There are many private fiefdoms in the world of parish councils and the system does little to supress them.
answered by (14.1k points)
I would simply echo DavetheClerks comments.  The "checks & balances" have either failed or have been removed all together within our tier of local government.  When the public are indifferent and the regulatory regime is powerless it leaves people between rock and hard place.  My own approach has been to break it down into small manageable chunks and take solace in the fact that I am doing my best in very difficult circumstances.
+2 votes
Campaign for Parish Council's to come under the remit of the Local Govt Ombudsman.  If they are a bad as you say, it seems unlikely that are operating without a number of breaches of legislation.. Only the LGO could take any serious actions. Most external auditors won't, and if you reported your concerns to NALC they would run a mile..  You could ask the LGO to investigate  the intransigence of the Principle Authority MO too.
answered by (9.6k points)
The role of the Ombudsman is primarily to investigate service provision, not internal issues. Their guidance states:

"I'm not happy with a service provided by my parish council. Can the Ombudsman help me?
In most cases, no. The Local Government Act 1974 (S34(1)) defines the authorities that we may investigate. Parish and town councils are not included in this definition."
"Can the Ombudsman look at a complaint about a parish or town councillor?
No. A complaint about the conduct of a parish or town councillor should be made to the council itself. If you are not satisfied with the outcome, a local Standards Committee (usually run by whichever local council collects your council tax) may consider your complaint."

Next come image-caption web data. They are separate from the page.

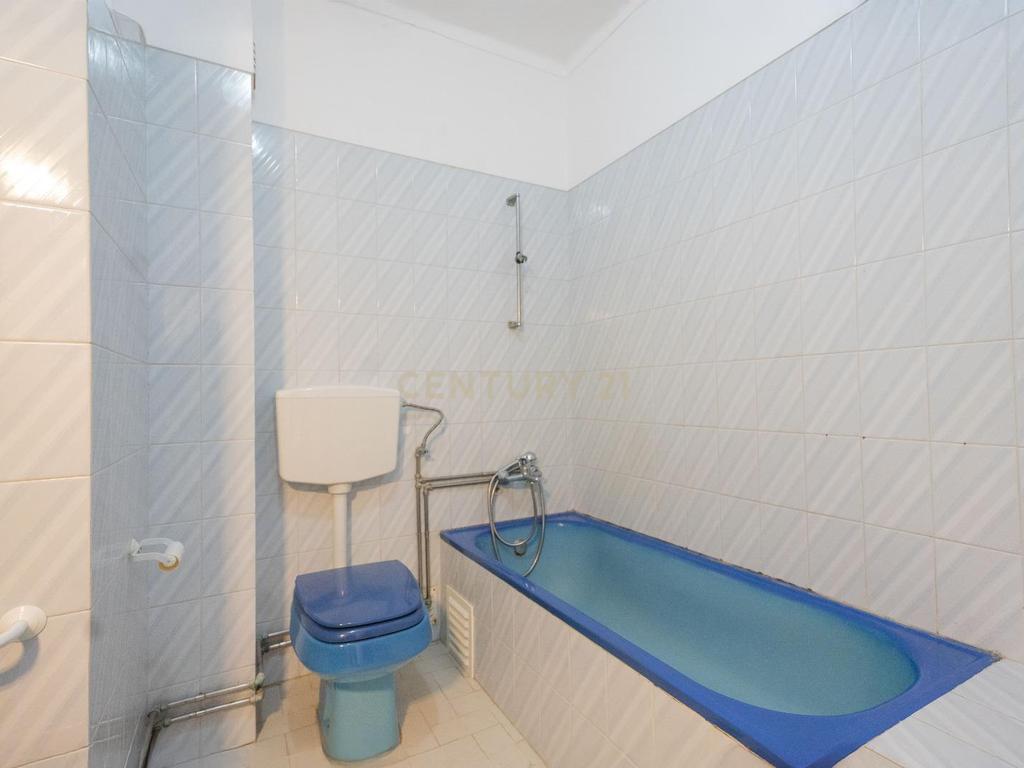 Apartamento T3 Duplex + Garagem em Coimbra - Image 21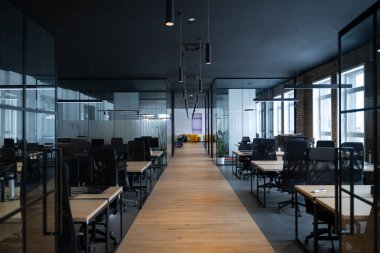 Modern iş, cam duvarlı yeni ofis, açık ve geniş çalışma alanı, yaratıcılığı, işbirliği ve ticareti destekleyen dinamik bir atmosferi teşvik eden modern ve yenilikçi bir atmosfer yayar.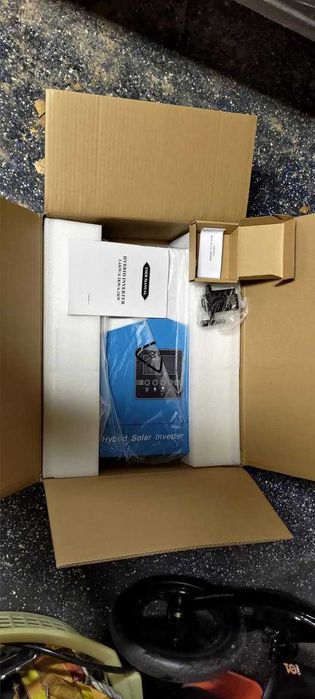 Гібридний інвертор  гибридный инвертор EASUN iSolar 7KW 48V 6.2 kwt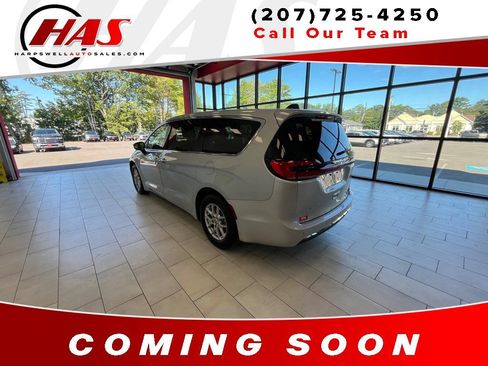 Used 2024 Chrysler Pacifica Touring-L FWD image 4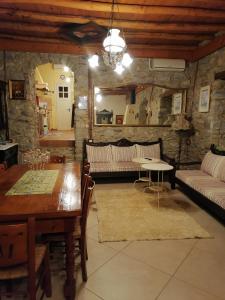 sala de estar con mesa y sofá en Large Stone Villa with garden., en Khánia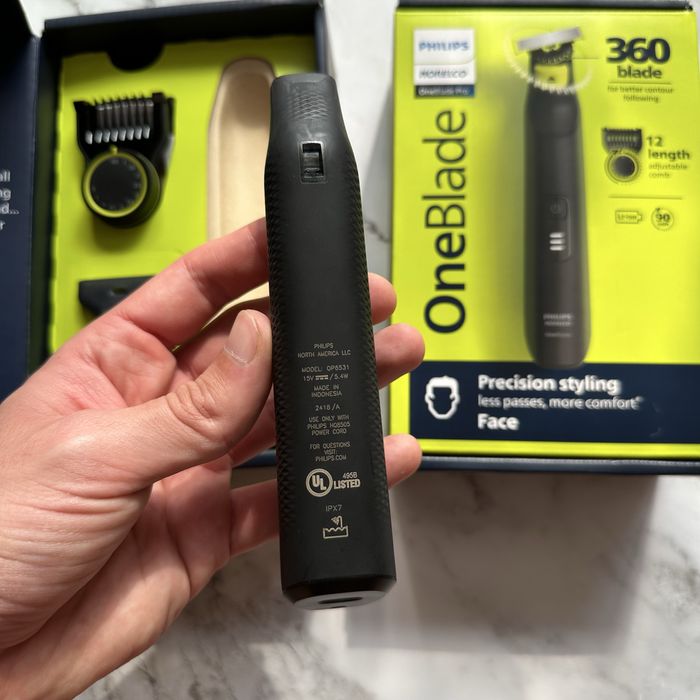 Чоловіча електробритва Philips Norelco OneBlade Pro Face Shaver 360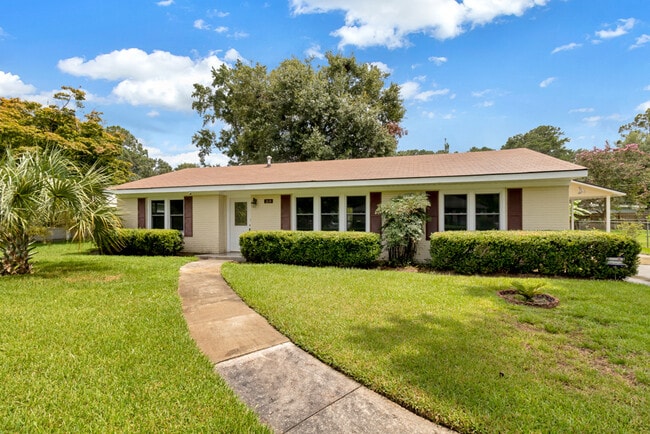 Building Photo - 319 Tanglewood Rd Rental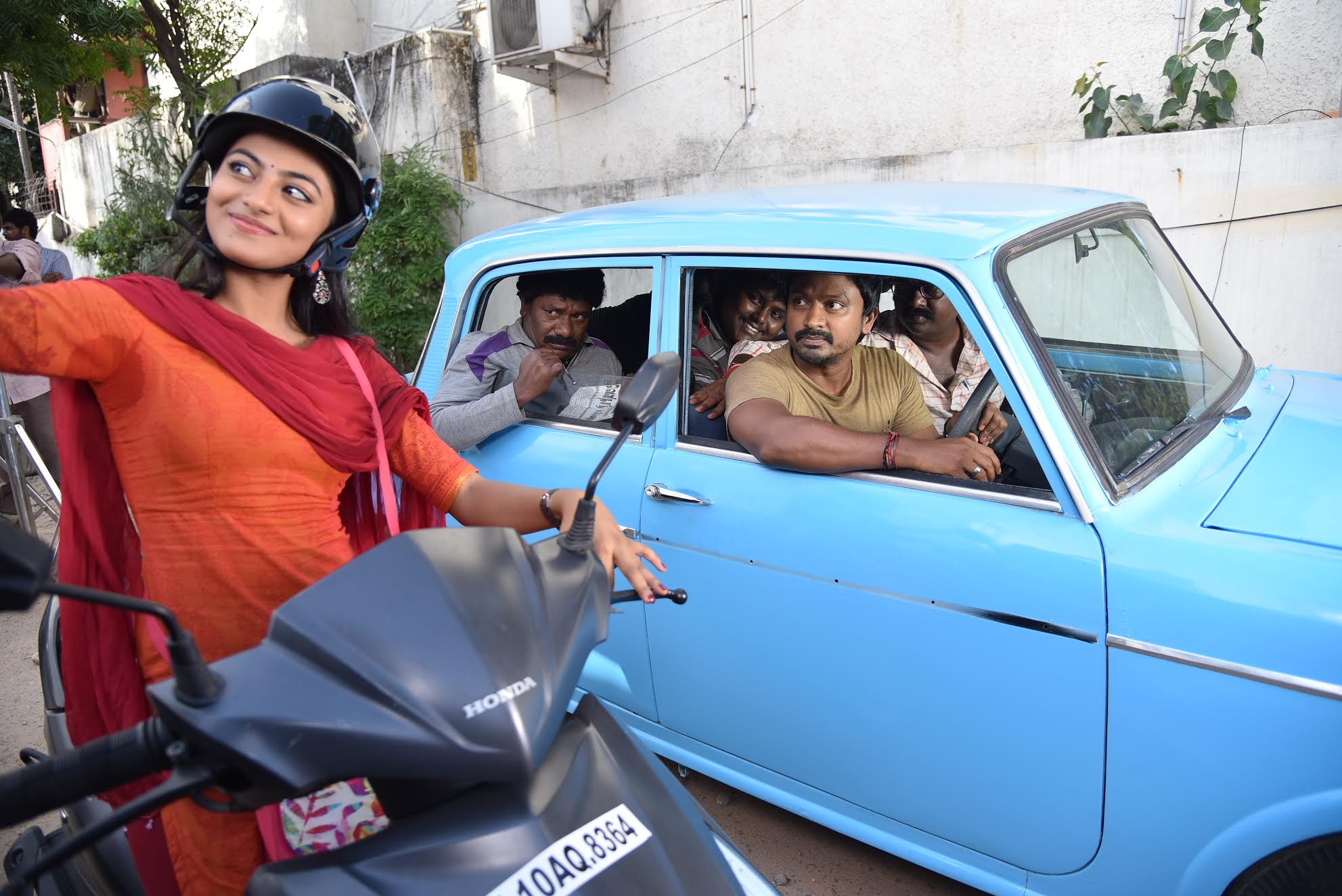 Anandi Krishna Selfie In Pandigai Movie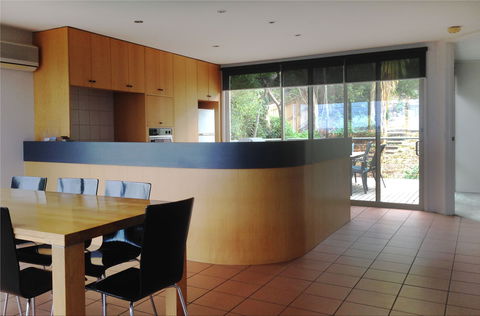 Dlux + Escape @ 83 Great Ocean Road Apartments Lorne - Redcliffe Tourism 1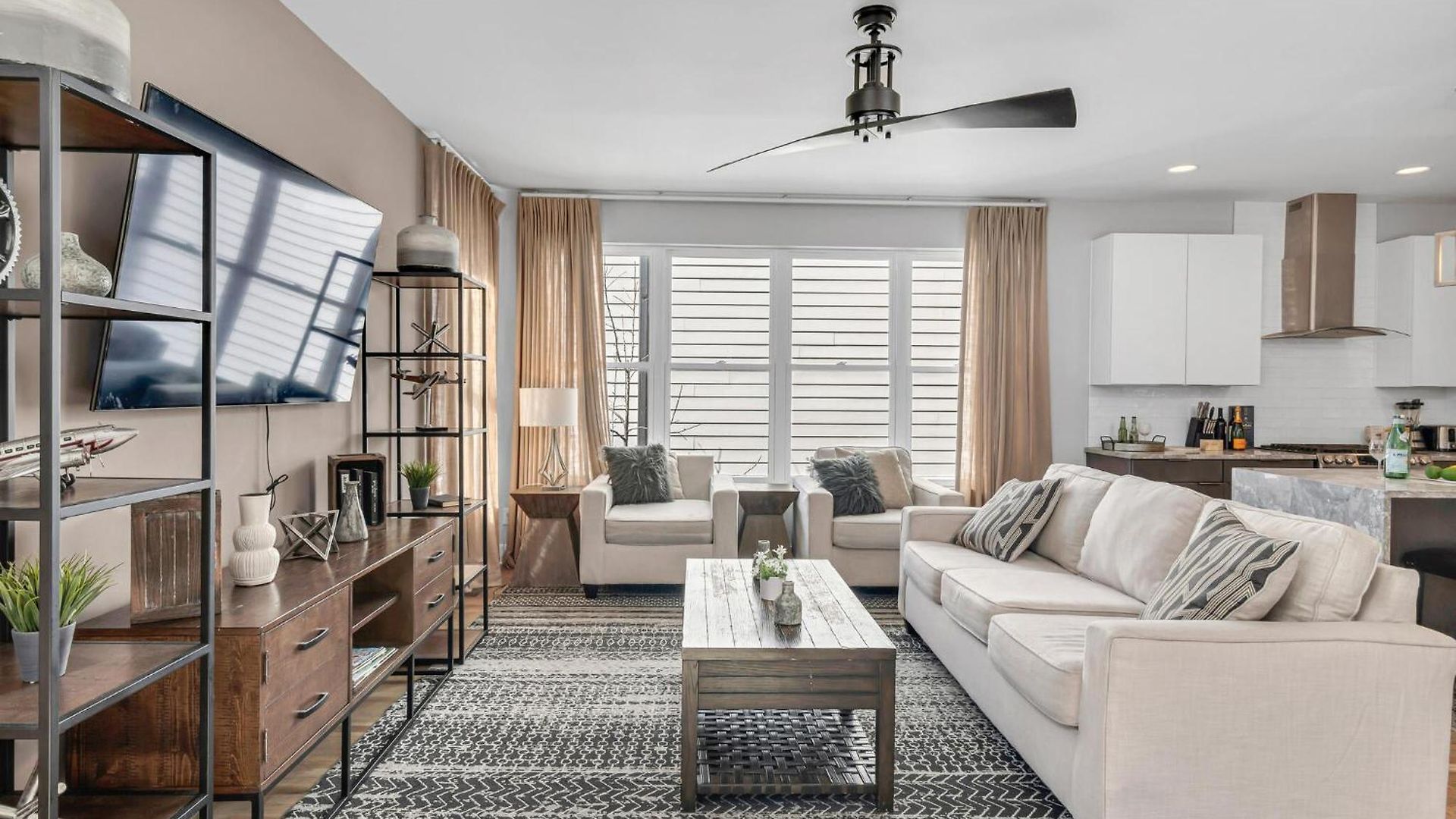 Spacious Close To Belmont Rooftop Nashville
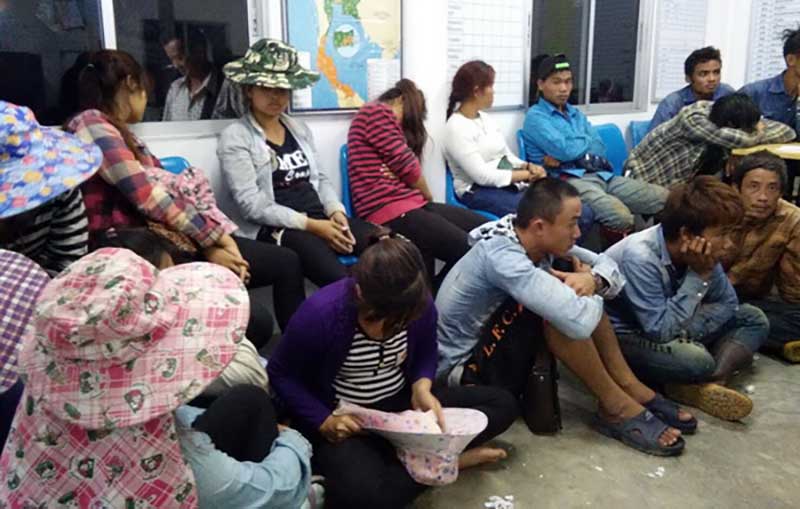 ျမန္မာအလုပ္သမား အေယာက္ ၂၀ ႏွင့္ အလုပ္ရွင္ ၂ ဦးကုိ ထုိင္းရဲ ဖမ္းဆီး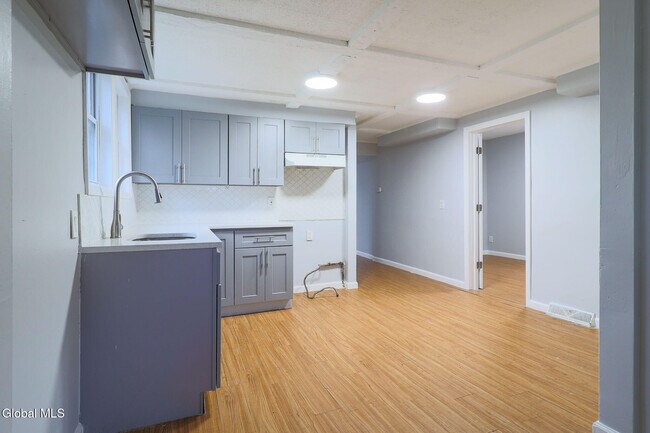 Foto del edificio - 111 Duane Ave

The remit of the Monitoring Officer is very limited and most issues fall outside their powers. Even in the most serious cases, unless Police involvement becomes necessary, they can do little more than write a strongly-worded letter.
What about the press?
As I said, the councillors adequate likely to be in breach of legislation and that is certainly within the remit of the LGO for principal authorities , if it were the case for Town and Parish Councils too, the errant councillors would be under more pressure to change their ways.
Like the PSO for Wales oversees complaints relating to individual community council members and also complaints against a community council itself, the LGO should also have the same powers in England.
0 votes

Could you drum up enough support for a parish poll and ask parishioners if they hold a view of no confidence in the way the PC conducts its affairs?

Although the result would not be binding, it would however send a clear message to them.